Sayın hemşerilerim,
Değerli kardeşim Ali Osman Şamlı, yazılarımı takip ediyor olmanız benim için büyük onur. Sizleri hasretle kucaklar size ve sevdiklerinize kucak dolusu sevgi ve saygılarımı sunarım.
Zamanın her anı bütün insanlar için ayrı bir değere sahiptir. Yaşadığımız anın kıymetini çoğu zaman bilemeyiz. Ne zamanki elimizde olanları kaybederiz: o zaman, bize geçmiş daha tatlı gelmeye başlar. Hatırlayın şöyle birkaç yıl öncesini özlemle andığınız zaman dilimleri ne kadar çoktur. İşte bu gün, şu an, yarın için geçmiş zaman olacak. Peki, bu günün kıymetini bilebiliyor muyuz? Egomuza söz geçiremediğimiz anlarda dostlarımıza arkadaşlarımıza verdiğimiz üzüntünün telafisi yarın mümkün olabilecek mi? Ufacık çıkarlar için harcadığımız samimiyet dolu sohbetlerimizi yarın tekrar yapabilecek miyiz? ' ben ' diye başlayan ve hep ' ben ' diye biten ve ' ben' üzerine bina ettiğimiz küçücük dünyamızda her gün biraz daha yalnızlaştığımızın ne zaman farkına varacağız?
Birbirimize ne kadar çok ihtiyacımız var farkında mısınız?
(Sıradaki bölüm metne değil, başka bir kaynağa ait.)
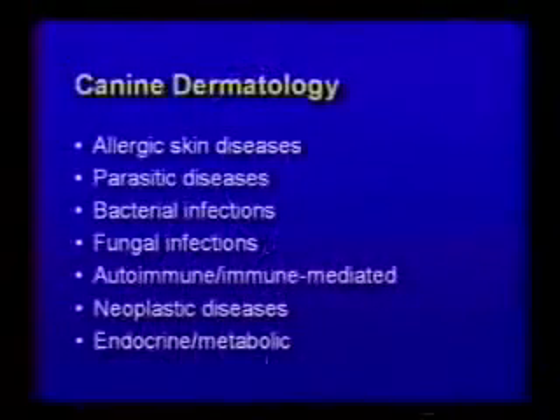Since the topic is really extensive, I decided to limit it to small animals, so I will be talking about small animal dermatology. I divided all the different diseases that I'm going to talk about into big categories. We will start with allergic skin diseases.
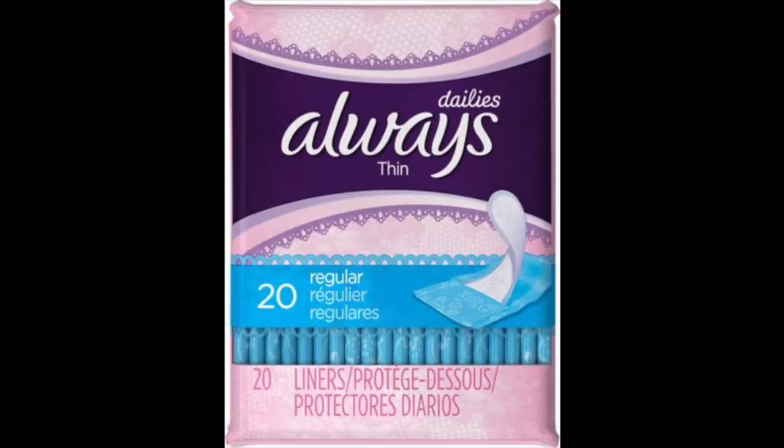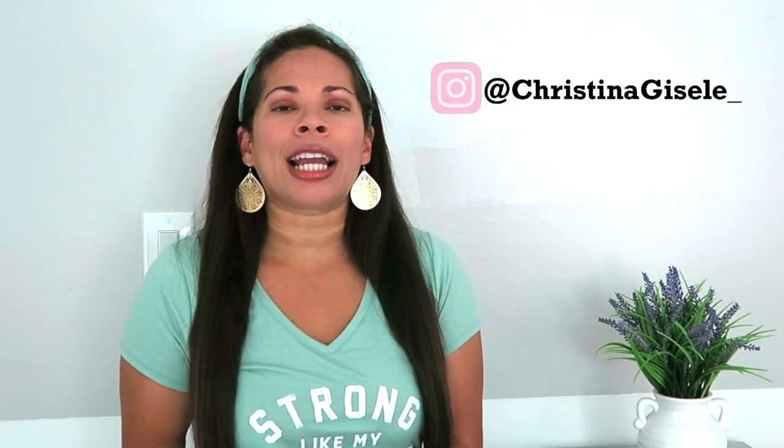The sixth thing I'd recommend is panty liners for when you stop bleeding as much. For me, I still wasn't fully tight, so if I coughed or sneezed I'd pee a little. Even if I wasn't bleeding, I still wanted something to absorb that, so I'd definitely recommend getting panty liners.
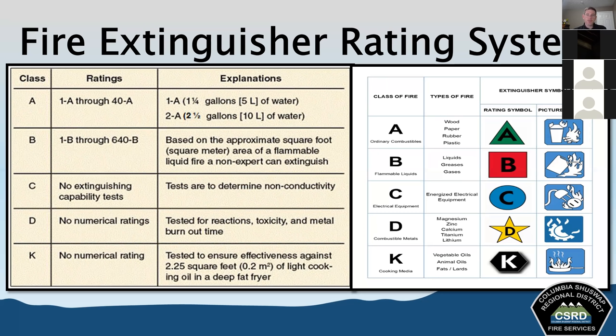Portable extinguishers are identified in two ways: geometric shapes with colors and class letters shown within the shapes, and pictographs recommended in NFPA 10 that show the types of fires the extinguisher can and cannot be used on. These pictographs are good because they can be understood regardless of language — they don't require knowing the English alphabet.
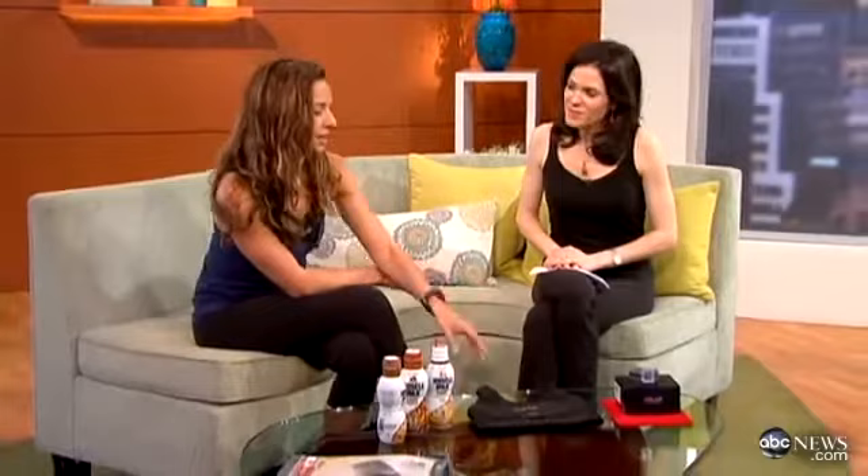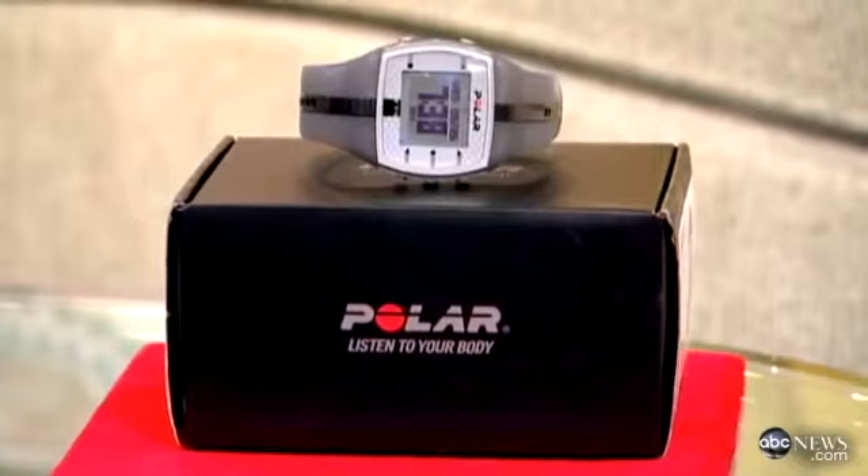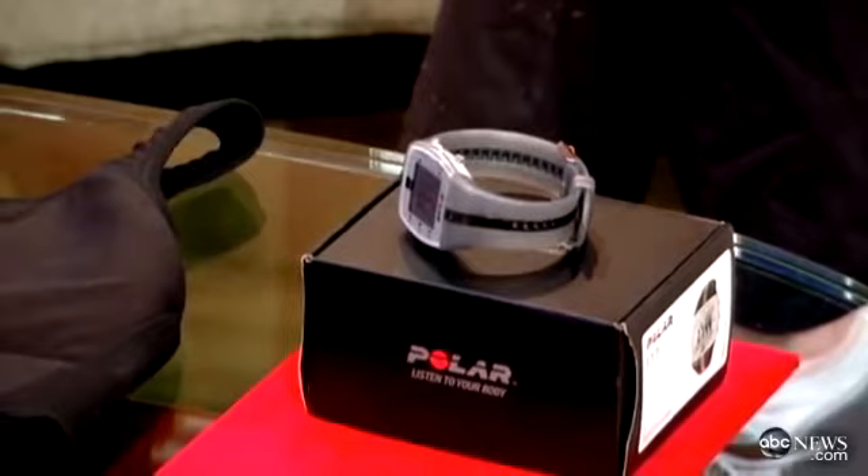The first thing I wanted to talk about was the Polar heart rate monitor. I'm actually wearing one right now. I wear mine throughout the day because it really makes your workouts as efficient as possible — it tells you exactly where you're supposed to be within your maximum target heart rate. It also counts your calories, so you don't want to just use sweat as your guesstimation that you're working hard enough. You want to be accurate.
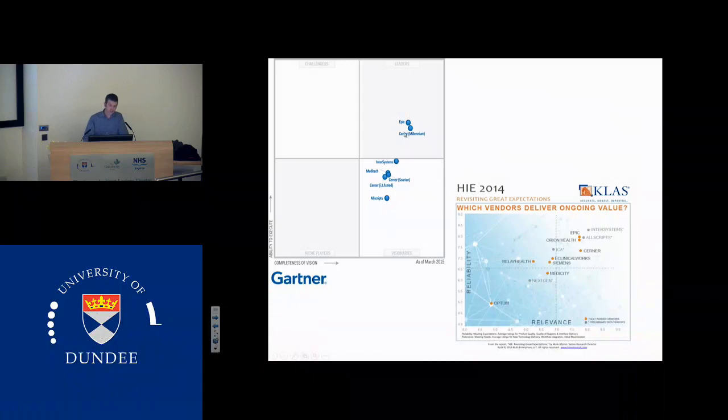You can see there are two systems — Epic and Cerner Millennium — in the leaders and visionaries corner of the Gartner report, and InterSystems is third. You might ask why we haven't gone for Epic. Epic is not only epic in its abilities but it's epic in its price — it would cost us so much money we'd make NHS Tayside go bust. And the other thing about Epic is you have to do it Epic's way — they're very didactic in saying if we're going to work with you as an organisation, you have to do what we tell you to do. You can see that which vendors deliver ongoing value — InterSystems is top-ranked from that point of view. So it's a good product.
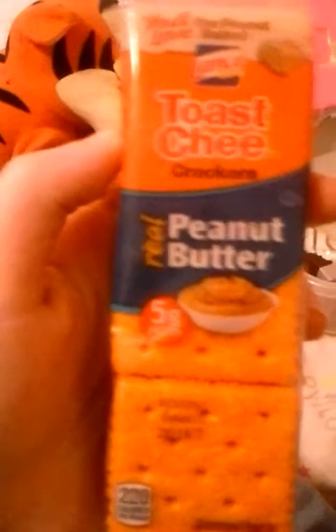These are red peanut butter crackers. And then this is called a Zebra Roll — it's kind of a mix between a zebra cake and... I'm thinking of something else, but it kind of reminds you of a zebra cake. They're really good though — it's called a Zebra Roll.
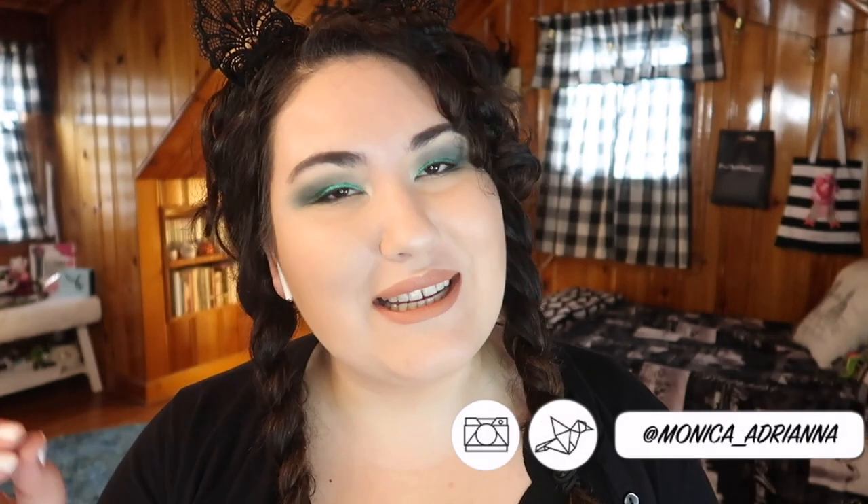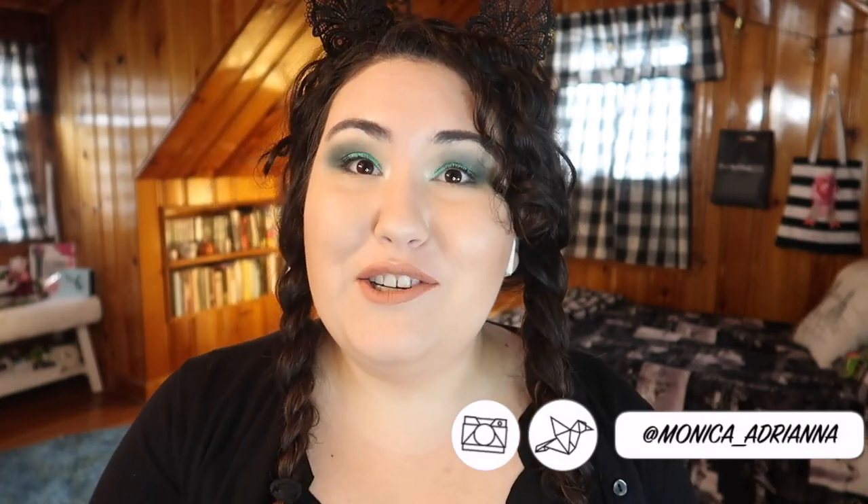Welcome back to my channel — I'm Monica. Today we're doing a 4x4 for Wet and Wild Cosmetics. If you haven't seen any of my other 4x4s, basically what I do is go through a brand and talk about what I think their four best products are and what their four worst products are.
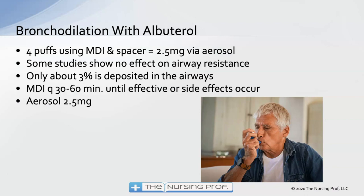Treatment for COPD begins with bronchodilation: four puffs with a metered dose inhaler and spacer, or 2.5 milligrams albuterol via nebulizer aerosol treatment. Some studies show no effect on airway resistance with albuterol in COPD. Only about 3% of the medication actually reaches the airway — much of it ends up in the oropharynx. Using a spacer with a metered dose inhaler improves delivery to the airways somewhat.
Yarın her birimizin çocuğu büyüyecek ve çocuklarımız birbirlerine ihtiyaç duyacaklar. Her biri başka bir meslekle iştigal olacak. Peki, aramızda büyütüp geliştiremediğimiz dostluklarımızı arkadaşlıklarımızı çocuklarımıza nasıl aktaracağız? Onlara mutlu bir geleceği nasıl bırakacağız?
Bakın aynı gök kubbenin altında, aynı havayı teneffüs ederek yaşıyoruz. Aynı şehirde, aynı mahallede, aynı binada beraberiz. Peki, birbirimize neden selam vermiyoruz? Birbirimizi birleştirici, aramızdaki dostluk ve samimiyet duygularını pekiştirmek yerine, birbirimize güven ve samimiyet duygularımızı körelten yanlarımızı geliştiriyoruz. Etrafımıza gülümseyerek bakmak, güvenmek ve güven vermek yerine şüpheli, sorgulayıcı, hatta yargısız infaza varan tavırlar sergiliyoruz.
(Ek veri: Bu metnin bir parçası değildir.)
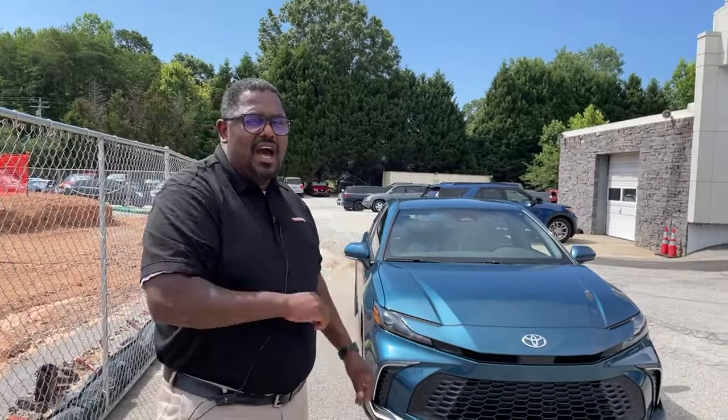This is going to be a hot color. How long? I don't know, but it is hot as fire right now. Guys, come see us at Toyota Vizley. Have a great day.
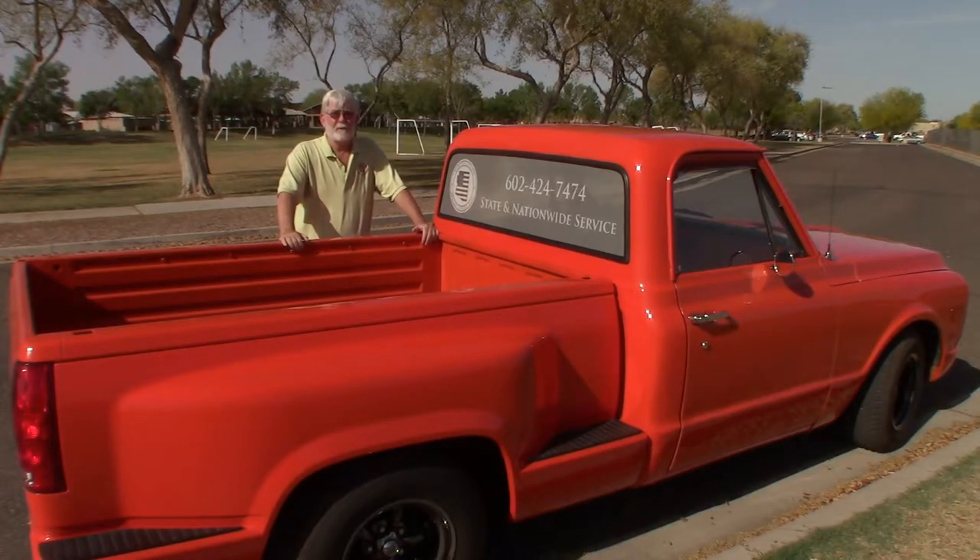This is Greg Euros with Maricopa County Process Service. We're going to start doing a series of videos — pretty much tutorials for process servers on how to go about serving process effectively. So let's get started with lesson one.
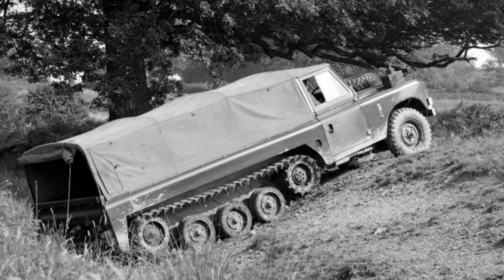Hi guys, so today's quick chat is going to look at the British half-tracks and the Laird Centaur, and cover a little bit about its background, its development and who made it.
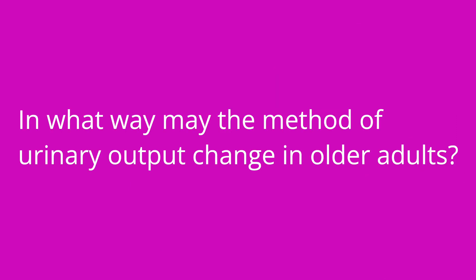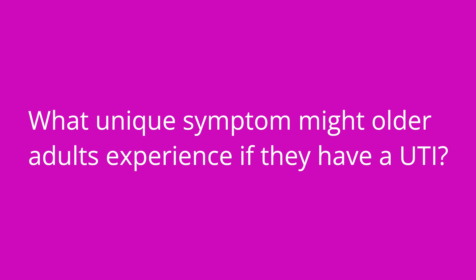In what way may the method of urinary output change in an older adult? They are at an increased risk for experiencing both incontinence and retention. What unique symptom might an older adult experience if they have a UTI? Confusion and/or agitation.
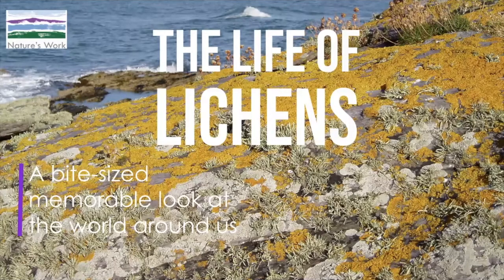Welcome to this bite-sized, memorable look at the world around us. I'm Jim from Nature's Work. This window on nature is looking at the life of lichens.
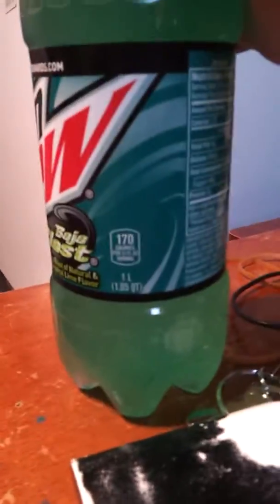Hello guys, it's me Chris. Guess what I got — I got Mountain Dew Baja Blast, one liter bottle.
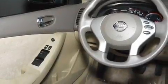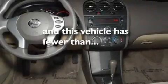Additional features include a passenger-side vanity mirror, rear impact crumple zones, a push-button ignition, and this vehicle has less than 17,000 miles.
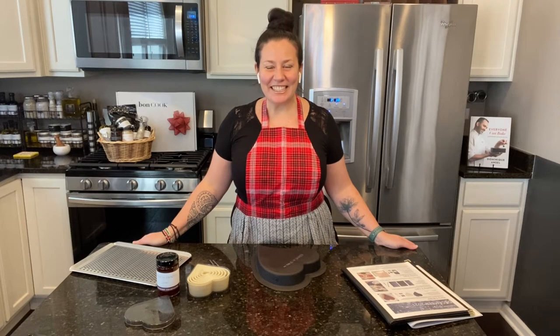Bonjour, this is Nessa and welcome to my kitchen. Today I'm going to share with you the incredibly amazing specials we have for the month of December.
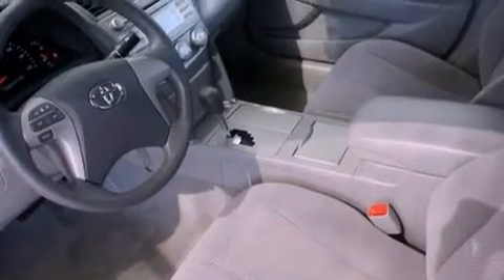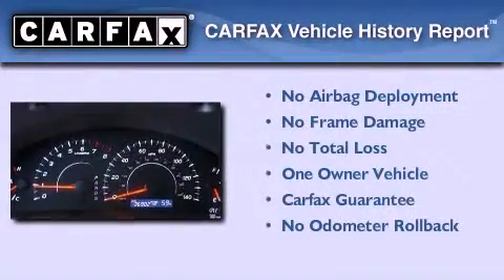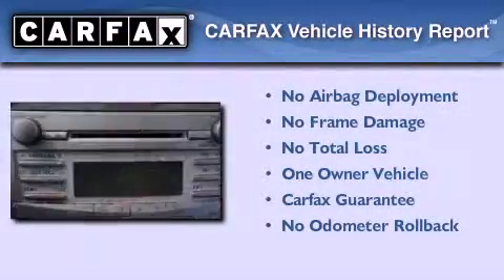Features also include rear curtain airbags, a power driver's seat, and this vehicle has less than 37,000 miles. This sedan has had only one owner and it qualifies for the Carfax buyback guarantee.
Mutlu olmak etrafımızdakileri mutlu etmek bizim dilimizde. Öncelikle selam. Birbirimize mutlaka selam verelim. Tanıyalım ya da tanımayalım fark etmez, sadece aynı gök kubbeyi paylaşıyor olmamız hatırına selam. Yüce peygamberimiz bakın ne buyuruyor: Size yaptığınız takdirde birbirinizi seveceğiniz bir işi göstereyim mi? Selamı aranızda yaygınlaştırınız. Bir başka sözünde ise "İnsanların en âcizi dua etmeyen, en cimrisi de selam vermeyendir " buyuruyor.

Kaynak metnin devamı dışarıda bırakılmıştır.